*What needs to be done*: Copy down every line of the data that follows exactly. Omit the pictures.

*Exercise data*:
======
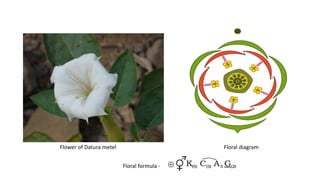 Flower of Datura metel Floral diagram
Floral formula -
 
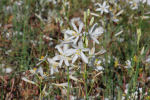 Anthericum liliago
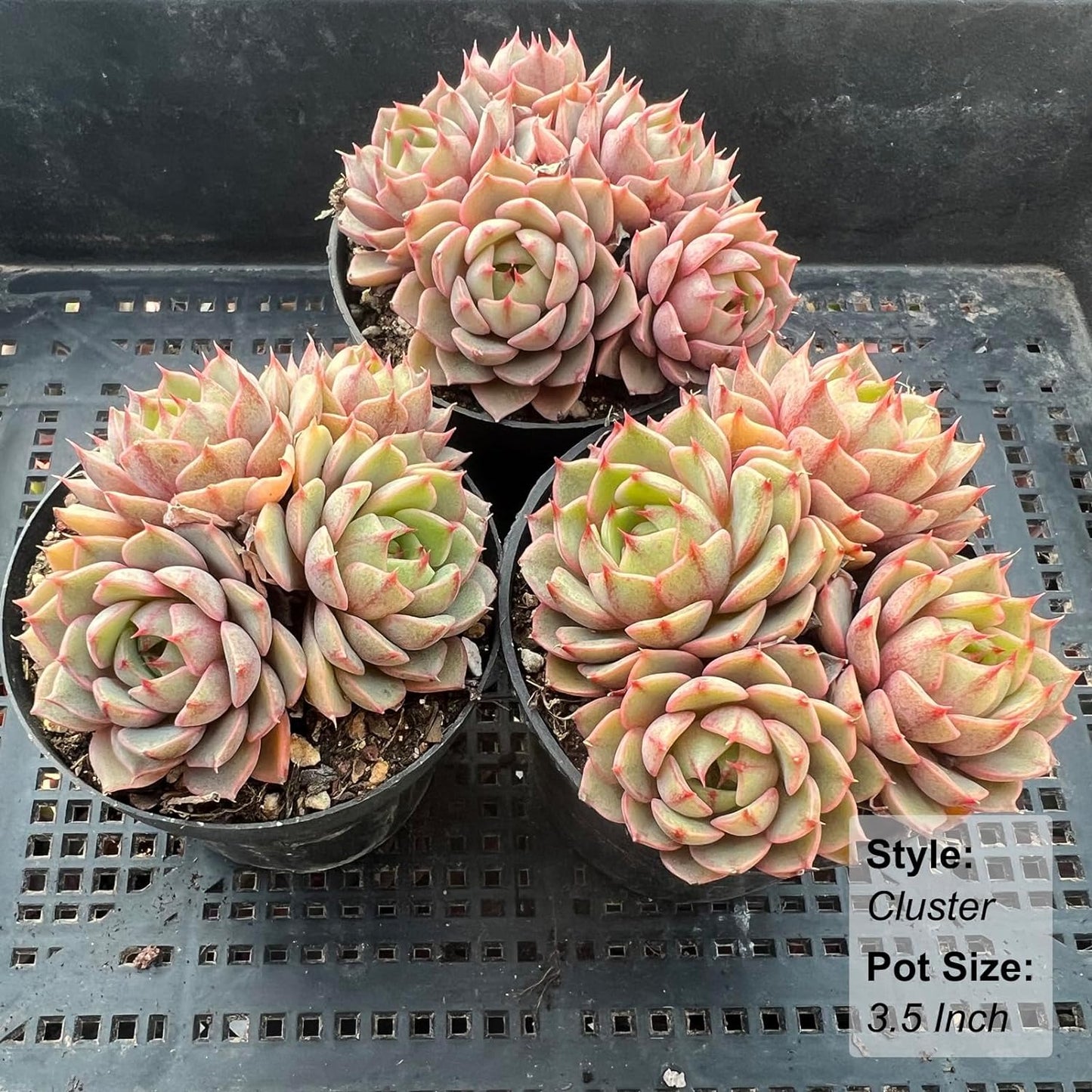 Echeveria Ben Badis Succulent - Futu With . . .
======
*Result*:
 Flower of Datura metel Floral diagram
Floral formula -
 
 Anthericum liliago
 Echeveria Ben Badis Succulent - Futu With . . .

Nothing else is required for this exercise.